0

I am trying to read a newspaper using OCR using tessaract. Before passing the image to tessaract, I am using Kraken to segment the actual lines and draw a line across the sentences for proper detection by tessaract. When passing the image through kraken.pageseg.segment , I am getting an empty list and this output Too many connected components for a page image : 5903 , instead it should have returned a list containg the coordinates of the bounding box around the sentences.

I looked up the source code of kraken and found this perticular error message, but I am unable to understand it. [Source code for error][1]

[1]: https://github.com/mittagessen/kraken/blob/master/kraken/pageseg.py#:~:text=connected%20components%20for%20a-,page,-image%3A%20%7Bccs%7D%27)

2 Answers2

2

I had the same problem and solved it after looking at the Kraken API quickstart guide.

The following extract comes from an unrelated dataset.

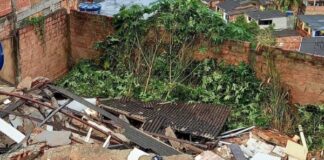 Imóvel desaba em Salvador e deixa criança ferida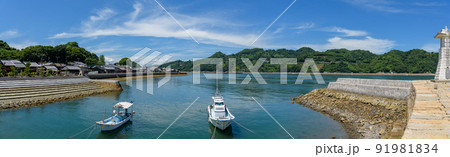瀬戸内海の海岸風景、大崎下島 御手洗の町と岡村島（パノラマ） 91981834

Try changing your image binarization. If you were doing binarization with PIL (Pillow), use the kraken binarization method like this:

from PIL import Image
from kraken import binarization, pageseg

im = Image.open('foo.png')
bw_im = binarization.nlbin(im)
seg_data = pageseg.segment(bw_im)

Reference: https://kraken.re/master/api.html

abear
  • 21
  • 2
0

Try downgrading the package to version "2.0.1"

    pip install kraken==2.0.1

I had the same problem with higher versions and downgrading just solved it.